Posted on  Feb 11 2015 by the Administrator of "the Dig Site" a UK archaeology webpage: at Metal Detectorists - not all bad news
We've all heard horror stories of "night hawking" by irresponsible metal detectorists; plundering everything from scheduled ancient monuments to ongoing excavations. The Dig Site team don't believe this is a fair representation of most detectorists and so would like to hear from you about positive stories. Stories about working in partnership on digs, of good practice and of adding to the historical record. The best stories will be featured on this website. We look forward to hearing from you, closing date is Friday 27 February 2015. Send your stories to us at digdiscoverenjoy@gmail.com
Good practice or best practice? The PAS was set up to encourage best practice. That's what people are paying for.

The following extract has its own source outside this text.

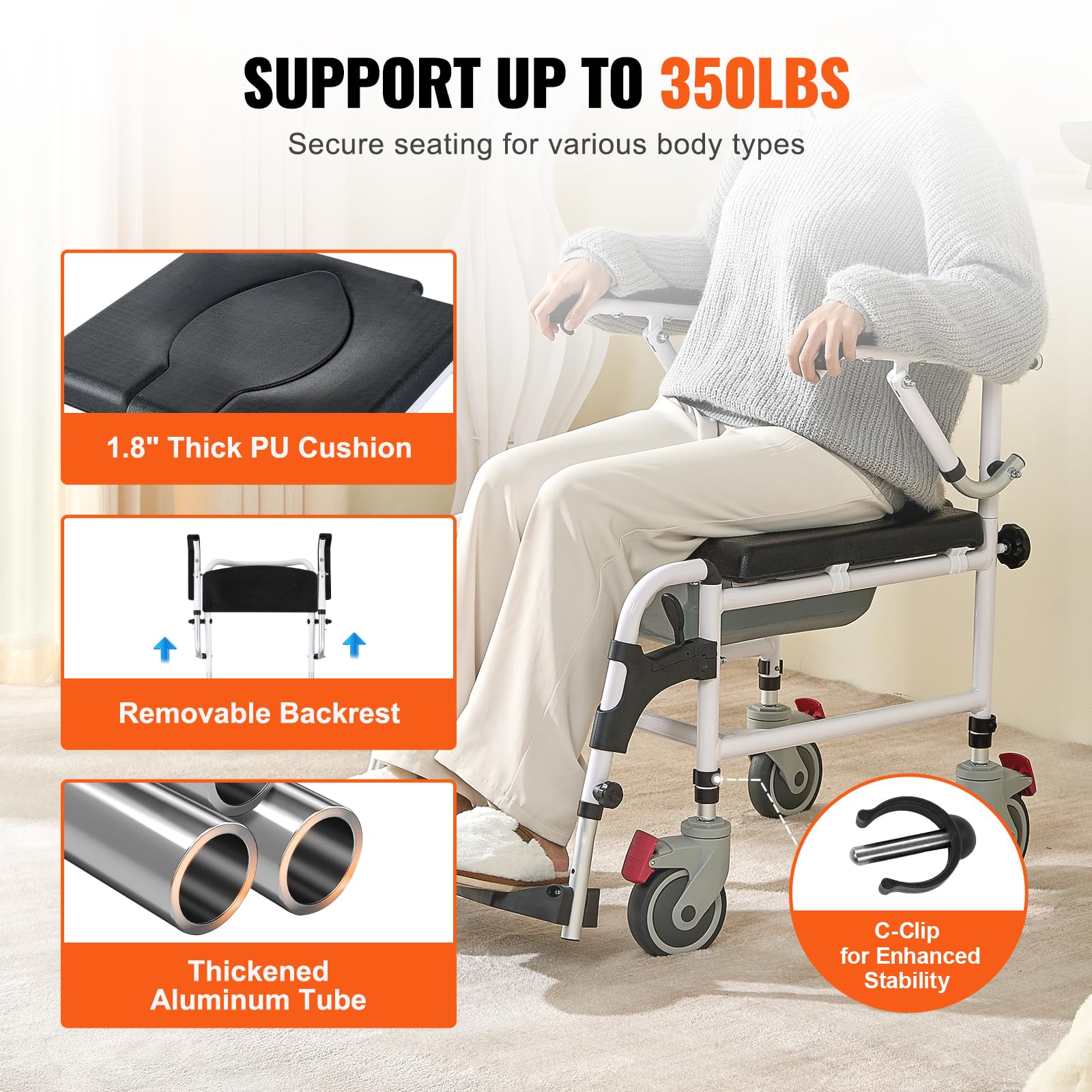 VEVOR Shower Commode Wheelchair with 4 Lockable Wheels & Adjustable Height - 350 LBS Capacity Commode Chair for Adults & Seniors - Ideal for Bathroom Safety, Elderly Care, and Post-Surgery Mobility Assistance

This project is a pretty egregious example of the airheadedness that permeates the debate on artefact collecting in British archaeology in at least two aspects. First of all it is almost as if one can expect that next week they will do an essay competition to show "not all Moslems are terrorists" and the week after, "not all Catholic clergymen are sex perverts". I really do wonder why they feel there are such stereotypes among their readers. Do they imagine that they are all that thick? The "digsite" team are falling into the pro-collecting lobby's trap of arguing that anything that is not nighthawking is OK. This leads the unwary to the conclusion that if you separate artefact hunters into two groups "nighthawks" and "others" this has identified all the "responsible detectorists". The fallacy of that argument should be pretty obvious to anyone thinking the issue through, but as we have seen time and time again, not all UK archaeologists see it.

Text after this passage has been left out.